Il reste plus qu'à faire combattre son robot contre d'autres soit dans des combats à la force des poings, soit dans d'autres mini-jeux qui font appels à d'autres composantes comme la vitesse, la réactivité, etc...

*Exemple :*

_J'installe l'appli sur mon PC. Elle le scan et me crée un robot.
Ayant 2 écrans 24", les yeux du robot sont plus grands et donc, a une meilleure visibilité. Mes 16Go de ram sont 2 grosses barrettes dans son dos, semblables à des écailles et ses bras plus gros, plus forts. Mon système de watercooling apporte des tuyaux bleus qui partent des côtés de son crâne jusqu'à son torse, lui évitant la surchauffe lors d'un combat. Ma carte mère est rouge et noire, comme son crâne.
Mon boitier est noir et mat, le bouton d'allumage bleu, le corps de mon robot également._

Bon j'avoue, j'ai pas poussé le concept forcément plus loin, mais j'ai déjà imaginé 2-3 trucs en vrac : 

- On gagne de l'expérience lors des combats, ce qui nous permet "d'overcloker" son robot, soit directement sur sa vraie machine, soit juste sur son robot virtuel.
- On peut récupérer de nouvelles pièces afin d'optimiser sa machine à fond (ex : passer d'un double coeur à un i7) ou des skins pour ses composants.
- C'est à la fois un jeu et une appli de benchmark qui permet de savoir si sa machine (plutôt un PC) est vraiment bien optimisée, ou qui peut simplement nous permettre de créer le "Robot/PC" de ses rêves ou voir si notre futur PC sera une bête de course ou pas.
- Imaginons le futur du jeu : les consoles s'y mettent et se tirent la bourre lors des sorties en faisant combattre leur robot ; les constructeurs jouent le jeu et sortent des skins ou versions de composants spéciaux en vente dans une boutique ; liaison avec le steam workshop, partage de robot sur les réseaux sociaux et impression 3D de sa machine ; Canard PC sort une version spéciale du mag HARDWARE...  ::huh:: 
- Peut être imaginer un concept de "collection", comme les pokemons.

Quelques inspirations graphiques :
- https://www.behance.net/gallery/19847227/Browser-Bots
- https://www.behance.net/gallery/1583...arch-of-Robots

Bref, j'aime bien l'idée mais je ne sais pas si c'est facilement faisable, ou même si c'est intéressant.

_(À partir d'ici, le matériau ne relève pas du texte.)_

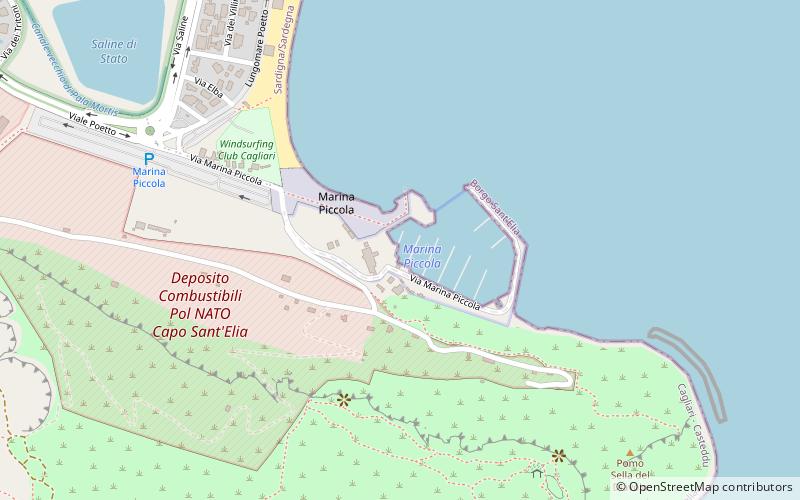 Marina Piccola location map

Balancez vos avis, critiques, conseils, remarques, je prends tout ! Oh oui...  :B): 

À bientôt !

----------


## nocolkte

Eh bien ça n'intéresse pas grand monde ^^'

----------


## CptProut

il faudrait plutôt faire des robot qui représente les dernier jeu que ton robot doit combattre.

L'expression mettre le pc ko prendrai tout son sens.

----------


## nocolkte

Ah c'est pas bête ça ! Ça pourrait être un mode de jeu en plus oui. MErci  :;):

----------


## Garrigue

Tu vas vite heurter aux problème de licences liées aux machines, Sony, Microsoft, les fabricants de pièces... ils ne sont pas très partageurs et n'ont probablement pas envie de voir leur marque associée à des robots qui prennent des branlées. Mais les combats de robots que l'on construit est une idée en vogue et qui plaît  :;):

----------


## nocolkte

Oui c'est vrai que je n'avais pas pensé à ça :/ C'est pourtant le point principal... Merci  :;):

----------